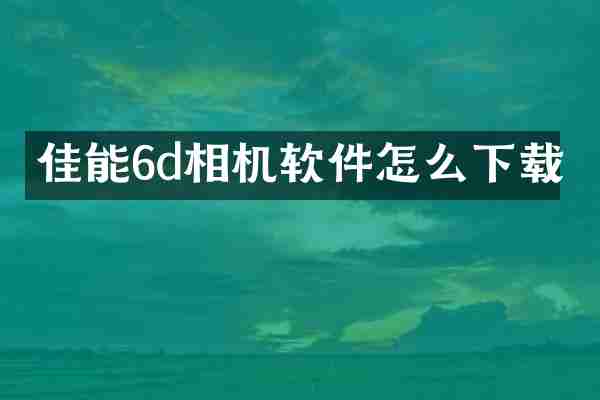 佳能6d相机软件怎么下载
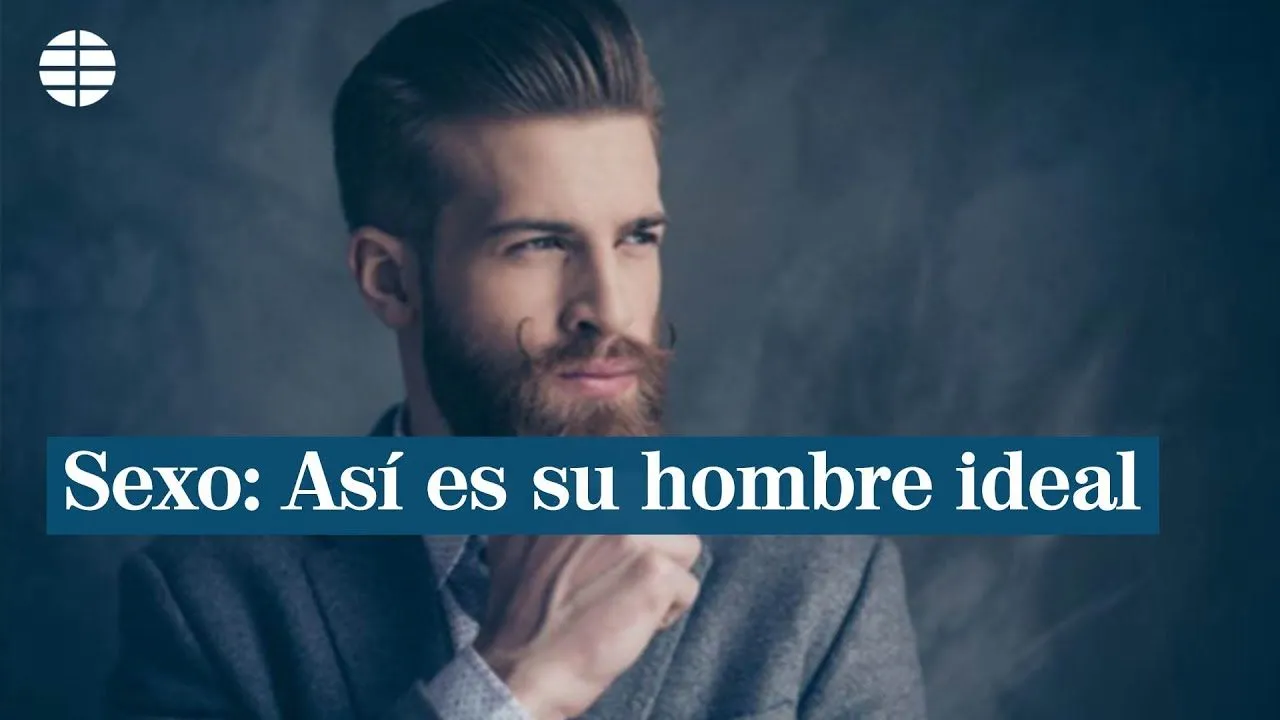 Así es el hombre ideal para las españolas, las italianas y las francesas | Sexo Así es el hombre ideal para las españolas, las italianas y las francesas | Sexo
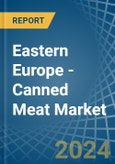 Eastern Europe - Canned Meat - Market Analysis, Forecast, Size, Trends and Insights. Update: COVID-19 Impact- Product Image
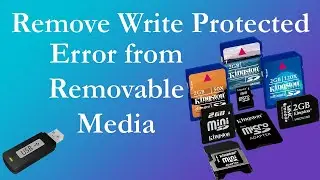 Removing Write Protected Error from Removable Media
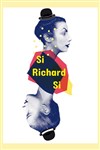 Si Richard si - Le Théâtre des Béliers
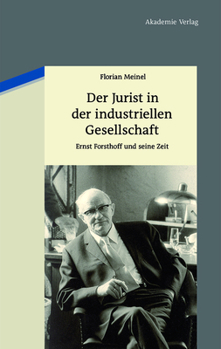 Hardcover Der Jurist in der industriellen Gesellschaft [German] Book
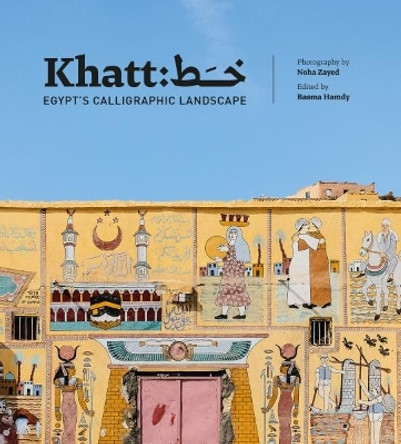 Khatt: Egypt's Calligraphic Landscape Basma Hamdy 9780863569012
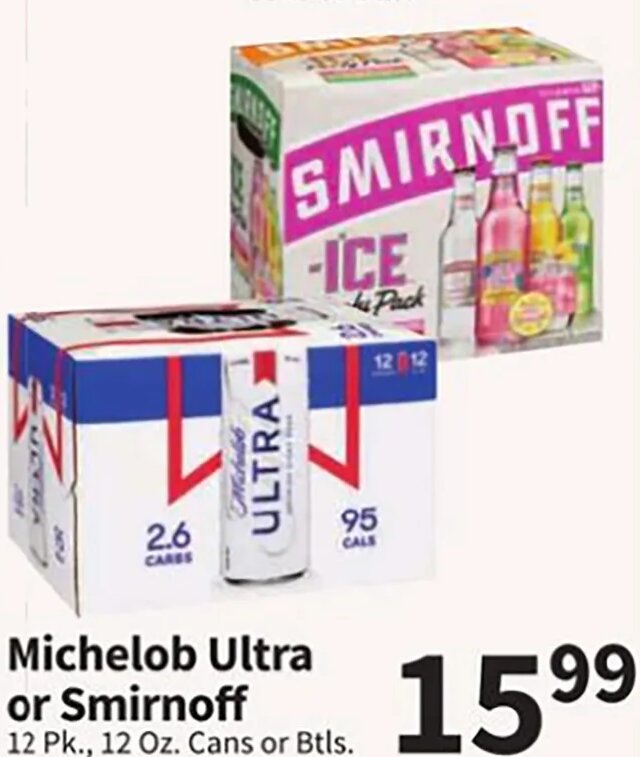Michelob Ultra or Smirnoff at Food City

◆ ◆ ◆ ◆ ◆ ◆ ◆

> [YOUR TASK]:
From the line containing "Khatt: Egypt's Calligraphic" through the final line of the listing, copy every line exactly and nothing else. Skip the pictures.

> [RESPONSE AREA]:
 Khatt: Egypt's Calligraphic Landscape Basma Hamdy 9780863569012
Michelob Ultra or Smirnoff at Food City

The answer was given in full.